§ YOUR INSTRUCTIONS
Beginning with the line containing "How to Verify OSHA Certificate?" and ending at the last line of the data, set down every line exactly, leaving out all pictures.

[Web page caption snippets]
- Opening Delimiter -

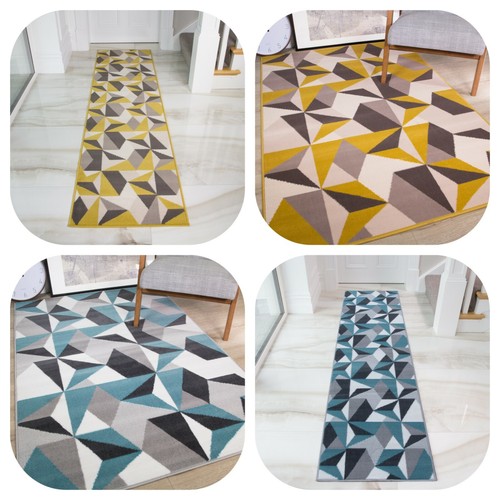 Modern geometric yellow blue - geometric,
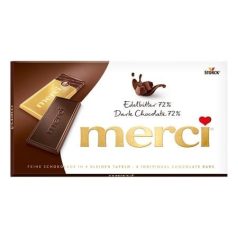 MERCI Táblás étcsokoládé, 72%, 100 g, MERCI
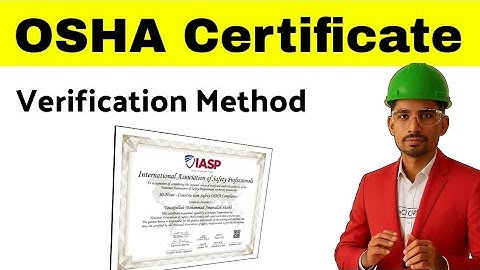 How to Verify OSHA Certificate?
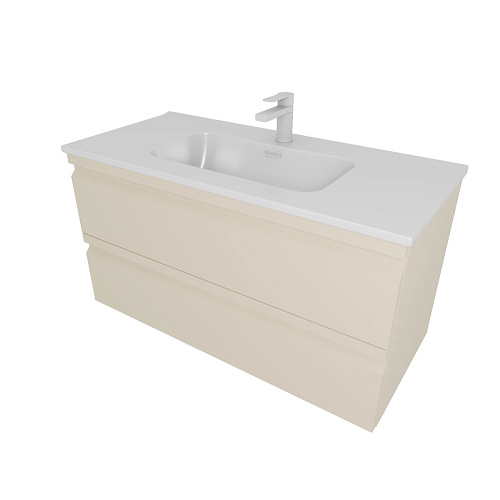 Тумба с раковиной Aquatek Вега AQ77100-LC купить недорого в интернет-магазине Керамос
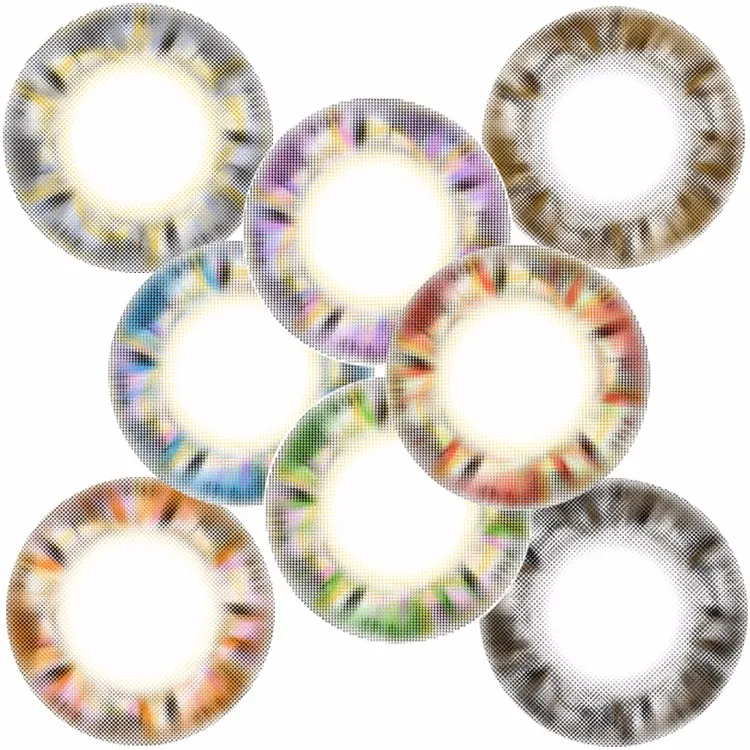 Hema Soft Eye Lens 14.5mm Diameter Big Size Circle Magtic Color Contact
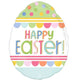 Balloon - Supershapes, Numbers & Letters Easter Egg Hunt SuperShape Foil Balloon 45cm x 63cm Each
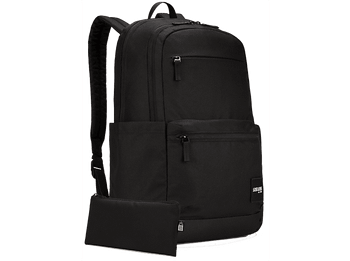Mochila para portátil - Case Logic CCAM3216, 26 l, Bolsillo teléfono móvil y documentos, Compartimento tableta, con cremallera, Negro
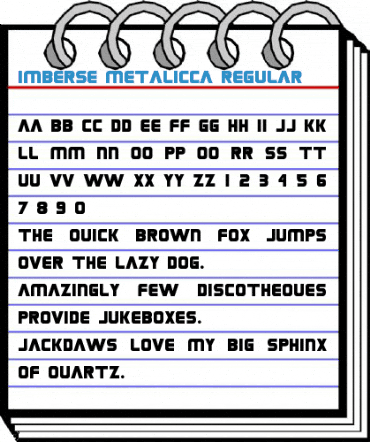 Imberse Metalicca Regular Font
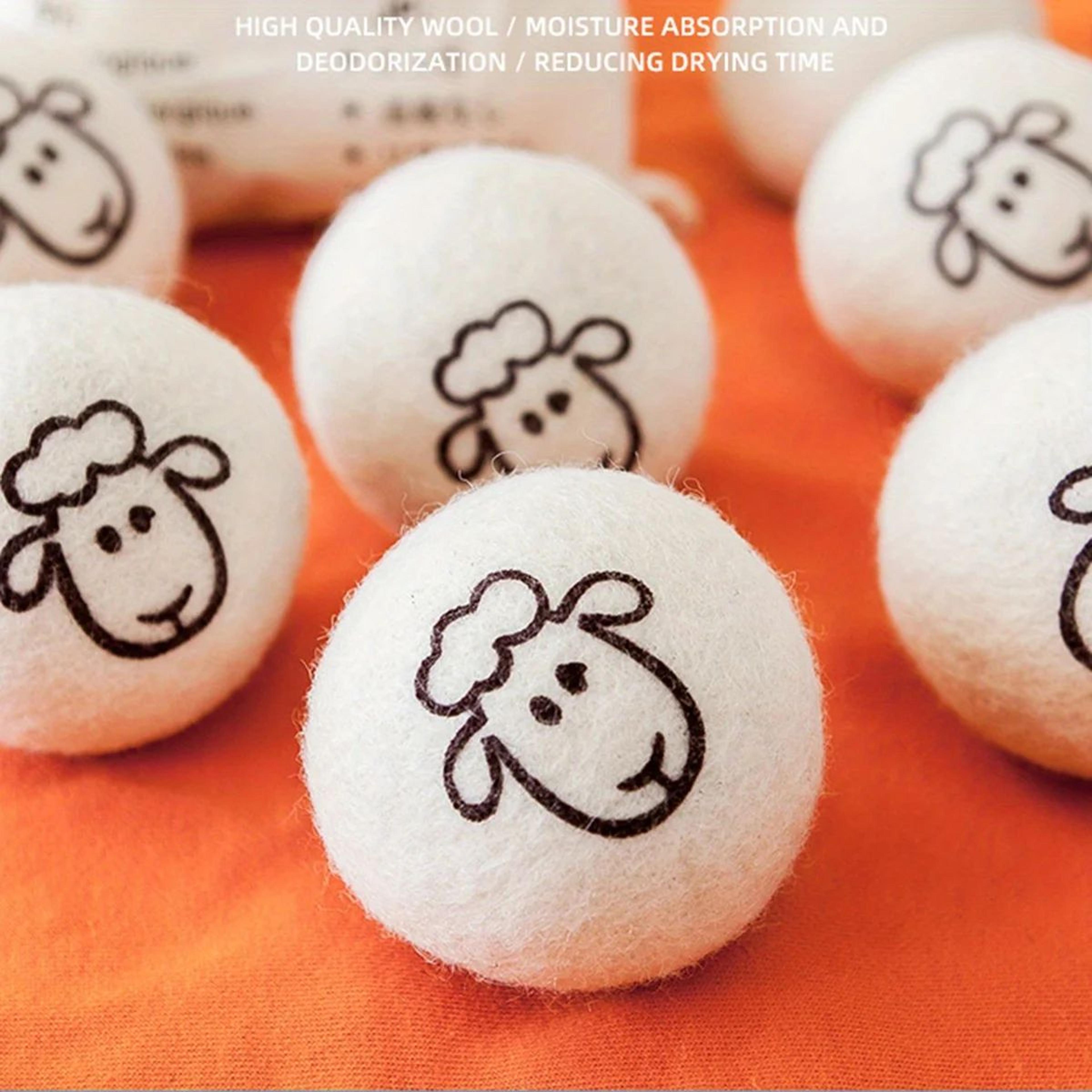 Reusable Wool Dryer Balls  Natural Fabric Softener And Wrinkle Reducer 2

- Closing Delimiter -

§ ANSWER TO THIS EXERCISE
 How to Verify OSHA Certificate?
 Тумба с раковиной Aquatek Вега AQ77100-LC купить недорого в интернет-магазине Керамос
 Hema Soft Eye Lens 14.5mm Diameter Big Size Circle Magtic Color Contact
 Balloon - Supershapes, Numbers & Letters Easter Egg Hunt SuperShape Foil Balloon 45cm x 63cm Each
Mochila para portátil - Case Logic CCAM3216, 26 l, Bolsillo teléfono móvil y documentos, Compartimento tableta, con cremallera, Negro
 Imberse Metalicca Regular Font
 Reusable Wool Dryer Balls  Natural Fabric Softener And Wrinkle Reducer 2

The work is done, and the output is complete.